VLCC ton-miles began the year only slightly above 2021 levels, the weakest of the prior five years. Demand had been plagued by weak import demand from Asia since the end of 2020 and unlike Aframaxes and Suezmaxes, saw no immediate uplift following Russia’s invasion of Ukraine. As Russian barrels were increasingly shunned by European buyers, long-haul exports increased on Aframaxes and Suezmaxes to India and China. No Russian port can accommodate a VLCC, so volumes shipped from Russia on the 2 Mbbl carriers were comparatively limited. VLCC demand began to rise in the second half of the year as Middle East exports picked up amid greater demand from China. But one of the main drivers was flows from the Atlantic into Asia, US and Brazil in particular.
VLCC ton-miles could exceed the October high in November or December as US exports hit new record highs. But, moving into next year growth will likely slow. Exports may slow from OPEC+ countries in-line with the production cuts and new refinery capacity coming online.
Total Suezmax crude ton-miles have been fairly unimpressive this year, trending well within the five-year average. But looking deeper, there have been significant shifts as a result of changes in trade flows. In 3Q22 the highest ton-mile route was Russia – India, at 32 Bn TM, this was up 16 places from 3Q21 due to y/y growth of 27Bn TM. This route alone accounted for 7% of all Suezmax crude ton-miles in 3Q. Perhaps more significantly, third on the list in 3Q was US - UK at 12.7 B TM, up 66 places and 10 Bn TM. Other big gains came from Iraqi exports to Spain and the US and Russia to Italy. With the exception of the latter, which was due to Russian-owned refineries in Italy maxing out Urals throughput and will come to an end after the EU import ban, we expect further increases in ton-miles on all these routes.
On the other side, there were big declines on some of the long-established Suezmax routes. US – China dropped 99% (-10.4 Bn TM) as a result of weak demand in China and the wide Brent-Dubai spread which has made it only really viable to export from the Atlantic to Asia on VLCCs. Russia – US was also understandably lower following the import ban.

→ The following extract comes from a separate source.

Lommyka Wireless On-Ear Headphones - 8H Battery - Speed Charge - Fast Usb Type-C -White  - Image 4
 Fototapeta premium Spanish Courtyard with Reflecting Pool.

Next year, Suezmaxes could benefit further from these changes in flows. There will be greater demand in Europe for US, WAF, South American and Middle Eastern grades, while more Russian crude will likely be shipped on Suezmaxes to India, China and other off-takers in Asia.
For Aframaxes, Q322 was the highest quarter on record as a result of the increase in flows on long-haul voyages from Russia and the main growth route was Russia – India. Ton-miles hit 52.3 Bn in 3Q22, 16% of all Aframax ton-miles. For context, that is the equivalent of the top four routes from 3Q21 combined. Other risers were Russia - Turkey, which could import more Russian barrels after the EU ban next month.
Largely due to flows from Russia to India, crude ton-miles on Aframaxes could set a record high this year. In September, levels rose above the running total from 2020, the previous highest year.
Compared with Suezmaxes, there were fewer other large changes and the segment could lose out to larger vessel sizes after the EU ban, as most of the volume currently imported by EU nations is carried on Aframaxes and will likely be shipped to Asia post 5 December.